Our Personal Renaissance

No issue of New Orleans Magazine ever faced as many
obstacles as the November 2005 edition. For instance:
• There was no house-to-house mail delivery in New Orleans.
• There were few retail outlets open to sell magazines.
• There were hardly any advertisers back in business and those that were were not ready to be advertising.
• And, most of all, there were no people.

We were publishing a magazine to an empty city without a way of distributing the copies.

Nevertheless, we persisted because the preceding month, October 2005, we had not published at all, being too busy trying to find each other. Our September issue, published a week or so before Katrina, had arrived about the same time that the hurricane was approaching and was transformed into wet blobs. So by November we felt a need to make a statement, even if no one would hear it.

Editorially, we also faced a major problem: We had no content. Our writers were scattered, so too were our files.

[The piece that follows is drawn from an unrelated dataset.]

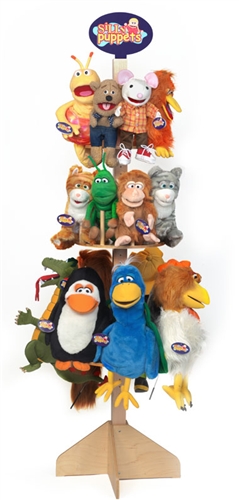 Pubbets Puppet Display Stand - Adjustable up to 24/60cm High – Pubbets!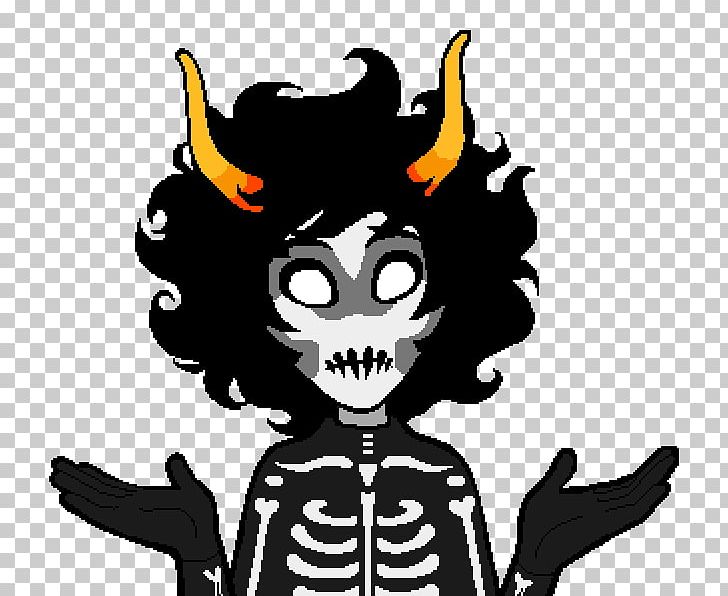 Homestuck Aradia PNG, Clipart, Andrew Hussie, Art, Avatan Plus, Black And White, Cartoon Free PNG Download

There was one certainty: What we wanted the cover to be. The copy was already resonating in my mind: AND NOW THE RENAISSANCE.
A photographer got around police lines to shoot what proved to be a beautiful close-up shot of the Joan of Arc statue in the French Quarter. I had admired the look of defiance on her face and the emphasis given by her right arm lunging a flag. It was a strong image.
We did not realize just how much so.

In January 2006, the magazine underwent a sudden ownership change, in effect a buyout by some senior employees and a partner in the former ownership. No one really knew much about the city’s future that month, but people took chances because it was one of those times to lunge the flag. There would be many difficult decisions ahead, but one question took only a few seconds to answer: What to call the company?

Renaissance Publishing, of course. Joan, the Maid d’Orleans, would be the symbol of our personal recovery. Though hardly anyone saw the November issue, at least it had left its legacy.

Everyone has a Katrina story and they’re all good. The problem is there are a million of them. Allow us this one, please. In September of that year a local musician named Harry Mayronne had evacuated to Birmingham with family. One day, feeling particularly bored, he went to a local bookstore. Having worked his way to the back racks he was suddenly stunned by what he saw: that month’s issue of New Orleans Magazine. What was really surprising though was that he was on the cover, and he hadn’t known it. That was our annual People to Watch issue, and Mayronne was one of the honorees. We had not had a chance to tell him about the selection before we evacuated. That copy in Birmingham may have been one of the few non-soggy issues.

Next year, October 2016, New Orleans Magazine will celebrate its 50th anniversary. May it never miss publishing another issue. We feel confident. The levees are stronger; and we have Joan at our side.